1. Field of the Invention
The present invention relates to adaptive optics and spatial light modulators for optical maskless lithography (OML) and, more specifically, to micro-electromechanical systems (MEMS) for implementing adaptive optics and/or spatial light modulators.
2. Description of the Related Art
Adaptive optics is a field of optics dedicated to the improvement of optical signals using information about signal distortions introduced by the environment in which the optical signals propagate. An excellent introductory text on the subject is given in “Principles of Adaptive Optics” by R. K. Tyson, Academic Press, San Diego, 1991, the teachings of which are incorporated herein by reference.
A representative example of an adaptive optical element is a deformable mirror driven by a wavefront sensor and configured to compensate for atmospheric distortions that affect telescope images. Small naturally occurring variations in temperature (˜1° C.) in the atmosphere cause random turbulent motion of the air and give rise to changes in the atmospheric density and, hence, to changes in the index of refraction. The cumulative effect of these changes along the beam propagation path may lead to (a) beam wandering, (b) beam spreading, and (c) beam intensity fluctuations, each of which degrades image quality. The wavefront sensor is a device that measures the distortions introduced in the atmosphere and generates feedback for the deformable mirror. Based on the feedback, the mirror is deformed such that the beam distortions are significantly reduced, thus improving the image quality.
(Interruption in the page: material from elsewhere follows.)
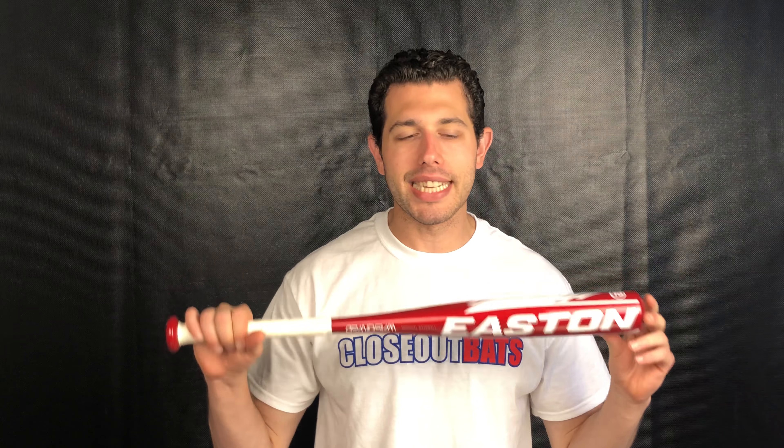Mad Max coming to you live from Closeout Bats, and today I'm talking about Easton Youth Baseball Bats. Right here I have the T-Ball Grand Slam. This bat is going to be good for T-Ball kids — those young kids around the five to six year old mark, even maybe some seven year olds that made the cutoff and are playing T-Ball.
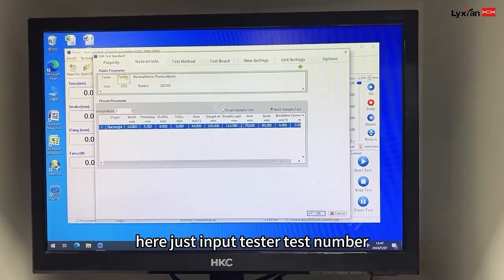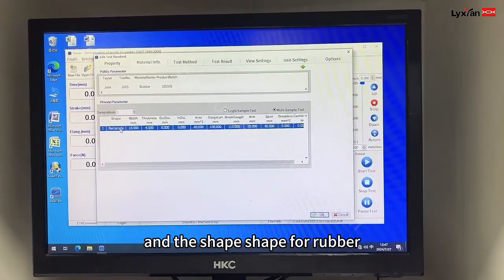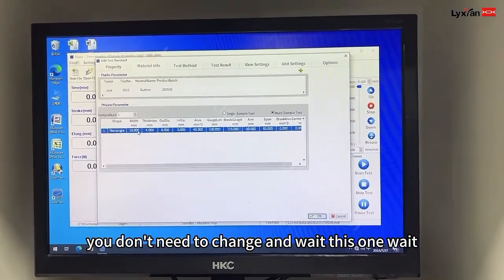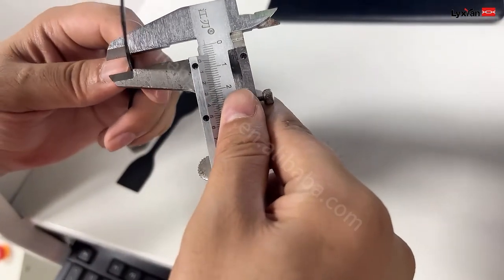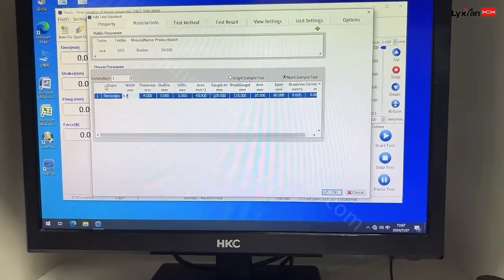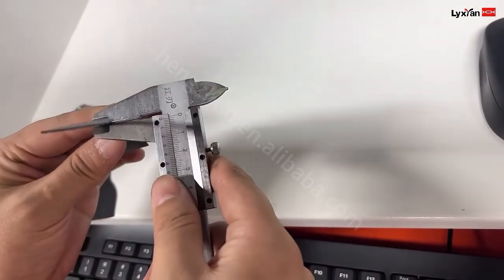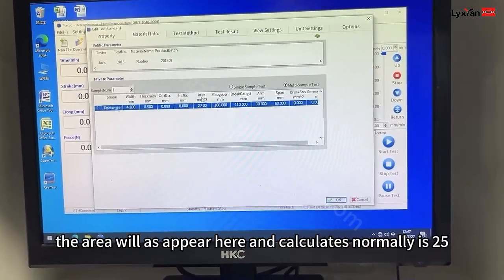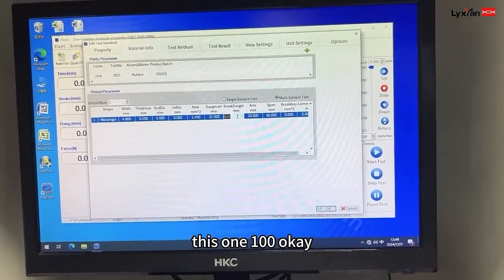And the second part: just input tester, test number, material — rubber, product number, series. And the shape — for rubber, we choose rectangle. Another one you don't need to change. And weight — this one, weight: 4.3. Thickness: this went to 5. And now the error will disappear. And the gauge is normally 35. This one: 100.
Optical maskless lithography (OML) is an emerging new technology intended as a replacement for conventional mask-based lithography, e.g., in low-volume production of integrated circuits. A detailed description of a representative OML system can be found, for example, in U.S. Pat. No. 5,691,541, the teachings of which are incorporated herein by reference. Briefly, instead of a permanent glass mask employed in conventional mask-based lithography, OML uses a configurable deformable mirror to project and imprint a desired image onto the substrate. Since the deformable mirror can relatively easily be reconfigured to project and imprint a new image, the cost of low-volume device production, which is largely determined by the cost of production, inspection, repair, and protection of lithographic masks, can significantly be reduced.
U.S. Pat. No. 6,384,952, the teachings of which are incorporated herein by reference, discloses a representative prior-art device having a deformable membrane mirror, which can be used in certain adaptive optics and/or OML applications. To enable the membrane deformations, the device has a plurality of actuators connected to the membrane. Each actuator has two interleaved comb-shaped portions connected between the membrane and a substrate and offset with respect to each other in the direction perpendicular to the substrate. During the device fabrication process, the offset comb-shaped portions are typically formed in different layers of a layered wafer, which may result in certain wafer processing problems. For example, it may be relatively difficult to achieve proper alignment of the interleaved structures of the comb-shaped portions with respect to each other because different layers are processed during different fabrication steps using different lithographic masks.